Data shown:
>>>>>

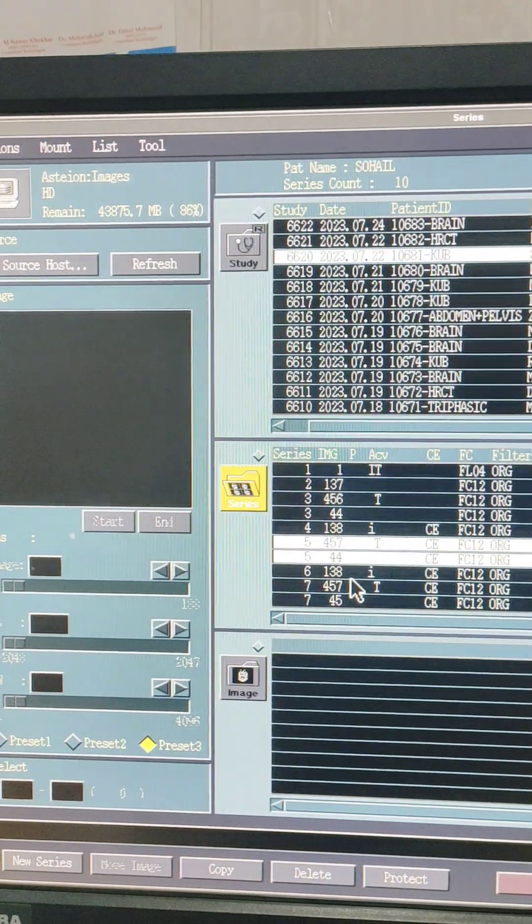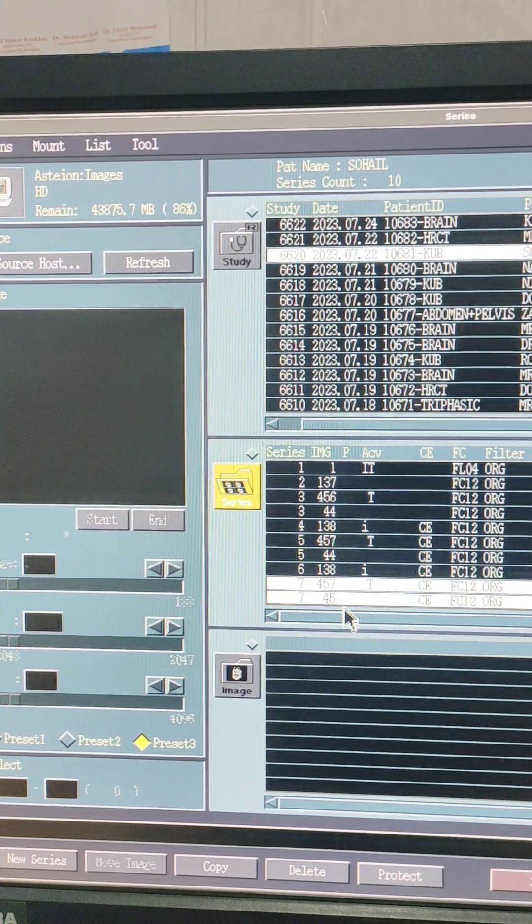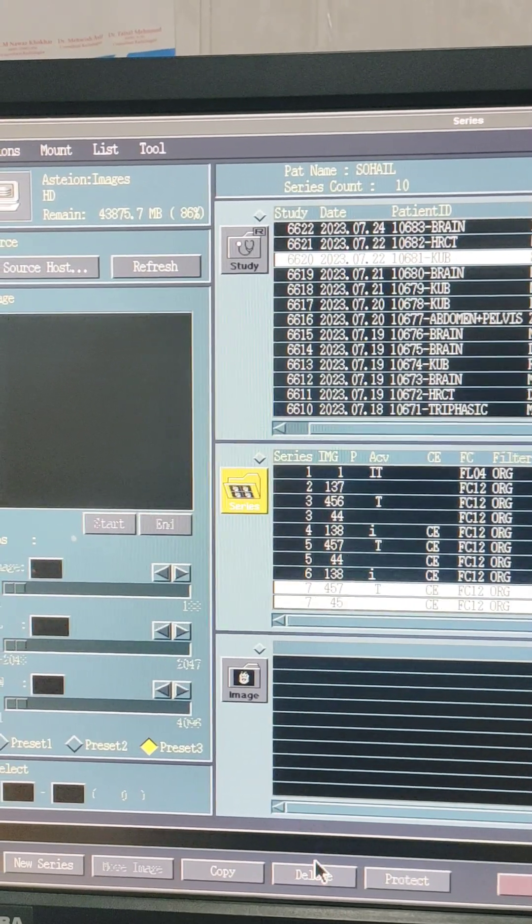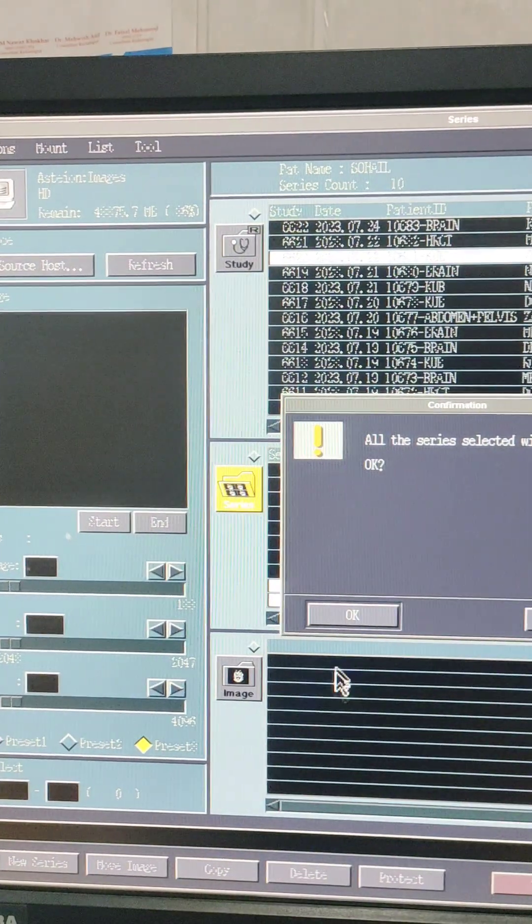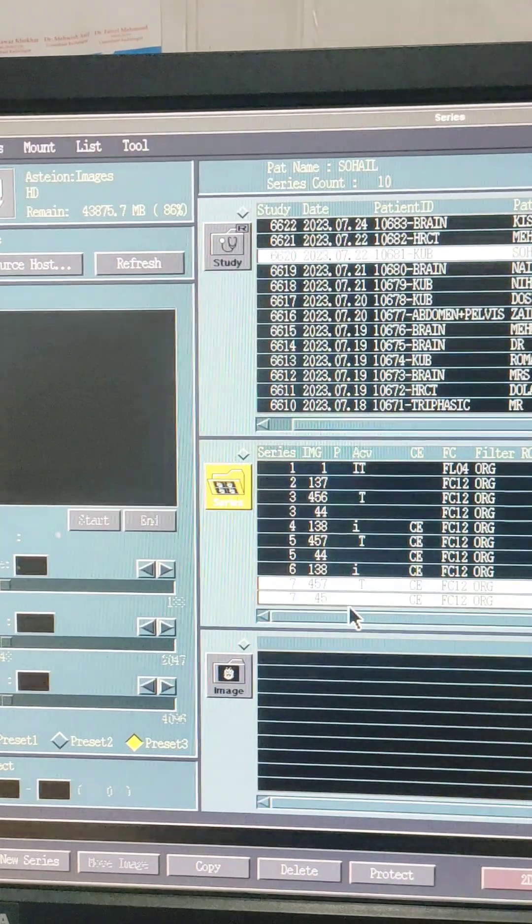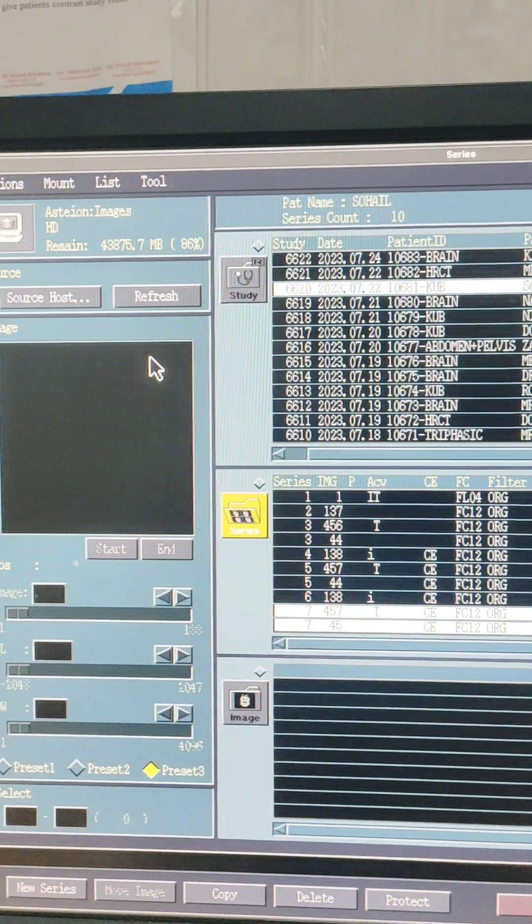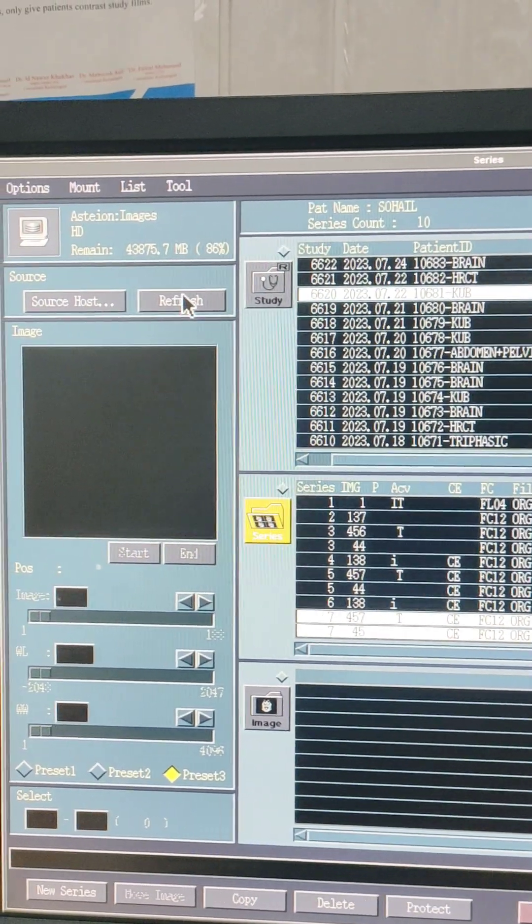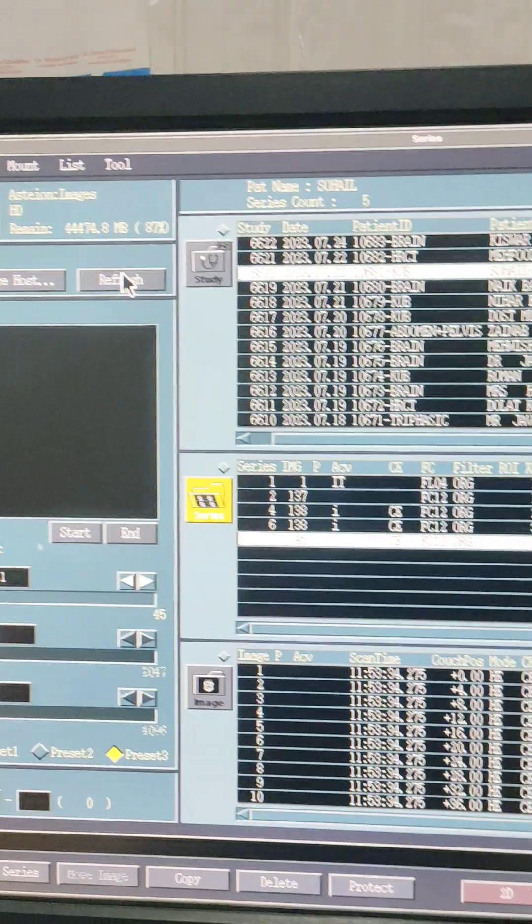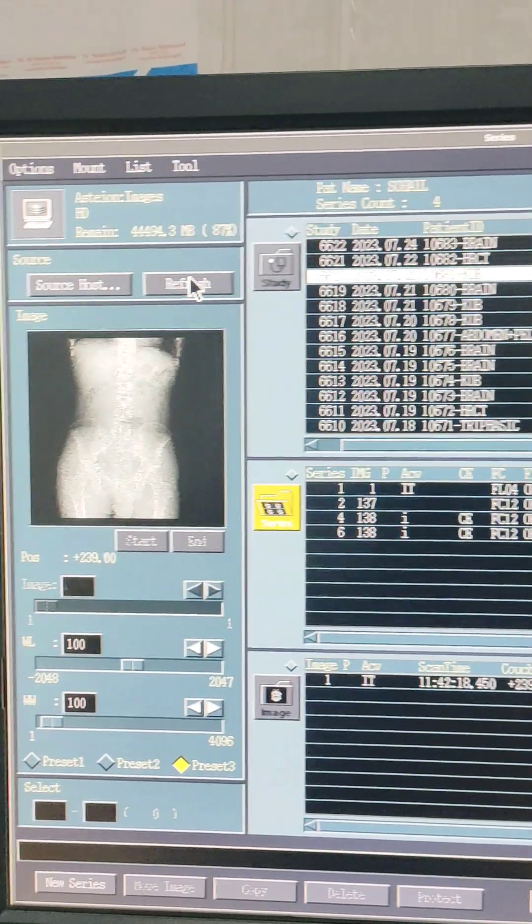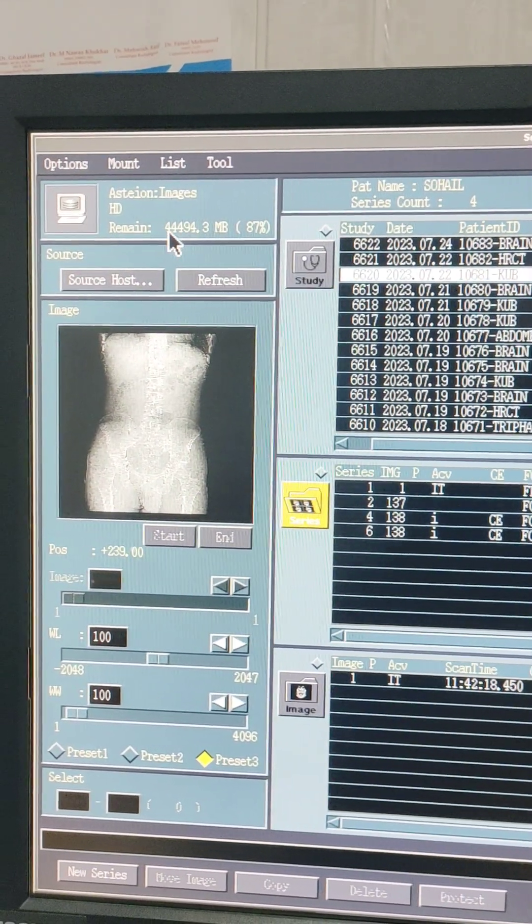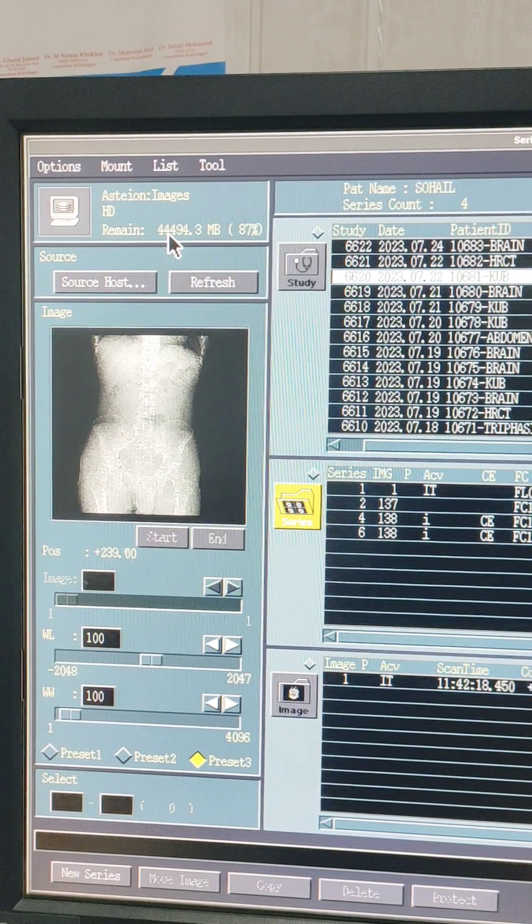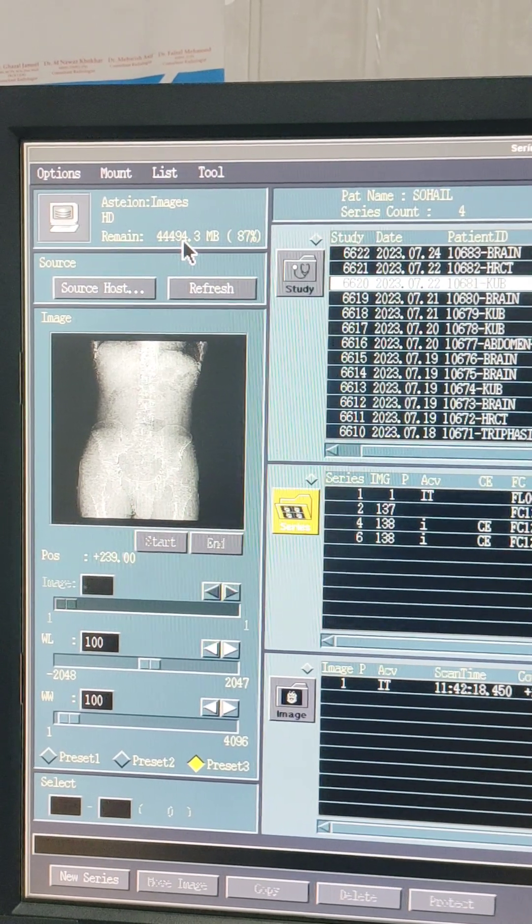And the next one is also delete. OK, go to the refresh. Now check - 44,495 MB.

<<<<<
>>>>>

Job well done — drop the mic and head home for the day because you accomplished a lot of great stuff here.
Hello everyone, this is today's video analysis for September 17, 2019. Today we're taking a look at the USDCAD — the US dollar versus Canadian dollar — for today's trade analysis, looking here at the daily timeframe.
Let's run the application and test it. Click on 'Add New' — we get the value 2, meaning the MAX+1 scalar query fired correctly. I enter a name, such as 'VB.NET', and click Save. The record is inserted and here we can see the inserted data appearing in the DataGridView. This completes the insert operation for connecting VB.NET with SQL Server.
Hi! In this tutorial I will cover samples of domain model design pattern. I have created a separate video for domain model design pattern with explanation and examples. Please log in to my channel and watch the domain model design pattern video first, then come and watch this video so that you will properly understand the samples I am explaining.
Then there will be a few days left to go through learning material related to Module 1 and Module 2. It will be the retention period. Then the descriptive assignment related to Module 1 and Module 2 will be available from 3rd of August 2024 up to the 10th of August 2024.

<<<<<

About this exercise: The lines needed are those in the data above that hold the string "with"; copy each of them.

Your response:
Let's run the application and test it. Click on 'Add New' — we get the value 2, meaning the MAX+1 scalar query fired correctly. I enter a name, such as 'VB.NET', and click Save. The record is inserted and here we can see the inserted data appearing in the DataGridView. This completes the insert operation for connecting VB.NET with SQL Server.
Hi! In this tutorial I will cover samples of domain model design pattern. I have created a separate video for domain model design pattern with explanation and examples. Please log in to my channel and watch the domain model design pattern video first, then come and watch this video so that you will properly understand the samples I am explaining.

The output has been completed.